Speaking exclusively to CarAdvice at the Nissan Crossing brand centre in Tokyo, Nissan global marketing and sales, zero emission vehicle, and battery business executive vice president Daniele Schillaci, said the seemingly polar concepts of cars for enthusiasts and cars that fit into the marque’s future technology strategy – dubbed ‘Intelligent Mobility’ – can very much go hand in hand.
“This is not incompatible. The GT-R, for example, the GT-R will always stay… and Nismo brand also, we are even further developing the Nismo brand.
“You can have your strategy for Nissan, with Intelligent Mobility, zero fatality, and so on, and after, you can have a sport department – like we have Nismo – that keep doing a sports car.
“It’s not because we are EV and so on that we should stop our sports car activities, absolutely not. It’s just a sports car. Like the GT-R Nismo that you have seen, where we have, of course, limited numbers of production every year for [the] passionate. And we’ll never forget our passionate customers for the future. Absolutely.”
Comprising three pillars of ‘Intelligent Power’, ‘Intelligent Driving’, and ‘Intelligent Integration’, Nissan’s Intelligent Mobility strategy is paramount to the brand achieving its zero emission, zero fatality target.

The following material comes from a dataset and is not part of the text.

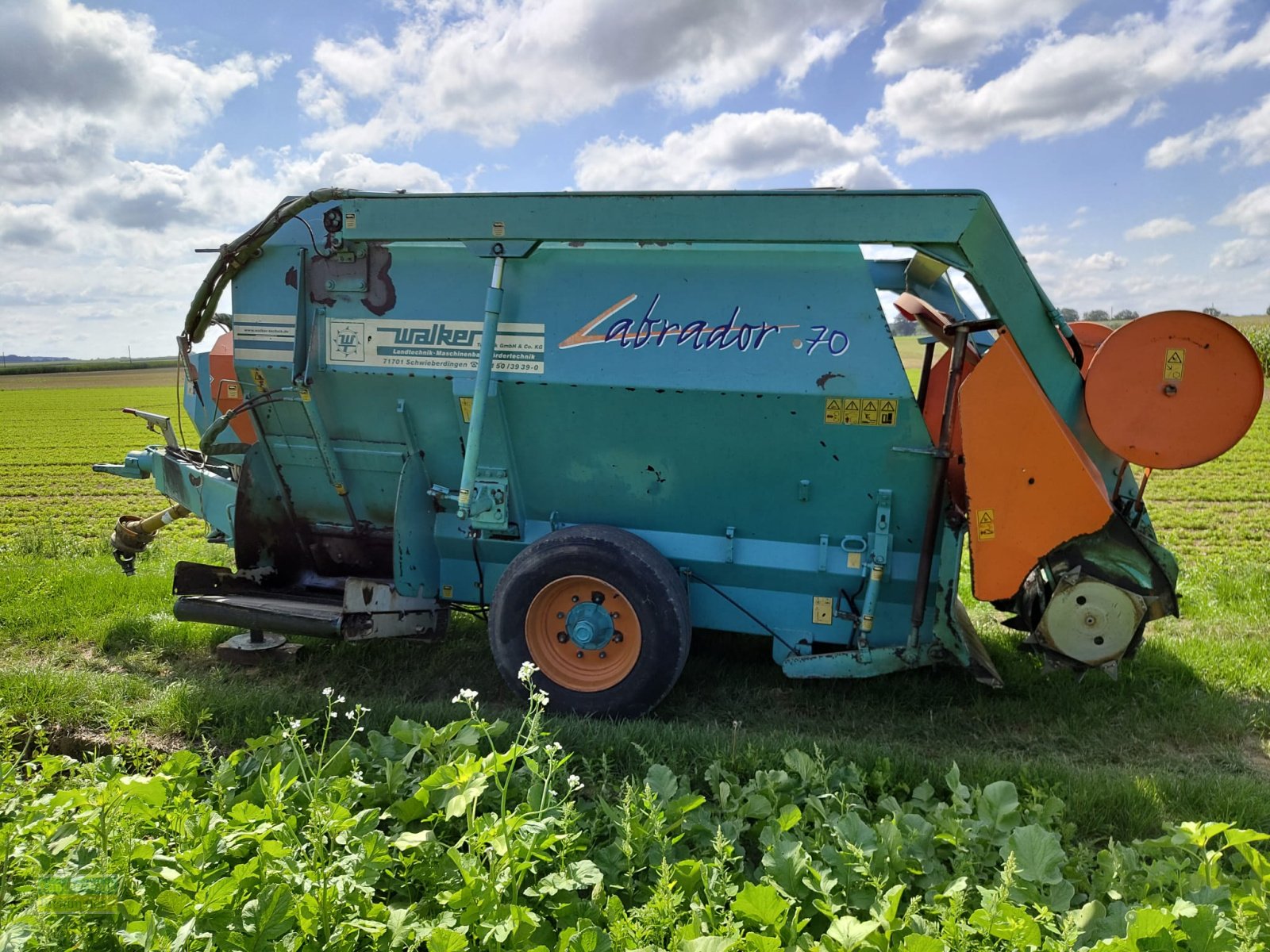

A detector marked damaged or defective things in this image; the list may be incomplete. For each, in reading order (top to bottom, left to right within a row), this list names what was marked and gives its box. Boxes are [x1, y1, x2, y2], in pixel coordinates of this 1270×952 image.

rust patch [813, 370, 845, 389]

Under the strategy, kicked off earlier this year and progressed by the introduction of Nissan’s ‘ProPILOT’ autonomous drive technology into the latest Nissan Serena people mover, the car maker is aiming to launch multi-lane autonomous driving technology in 2018, ahead of the debut of urban-road and intersection autonomous driving technology in 2020.
Nissan says ProPILOT will slowly be introduced into additional vehicles, the next being the Qashqai in Europe come 2017. Markets such as China and the US will then follow. Any timeframe of when Australians can expect to sample the technology on local roads is yet to be announced, however.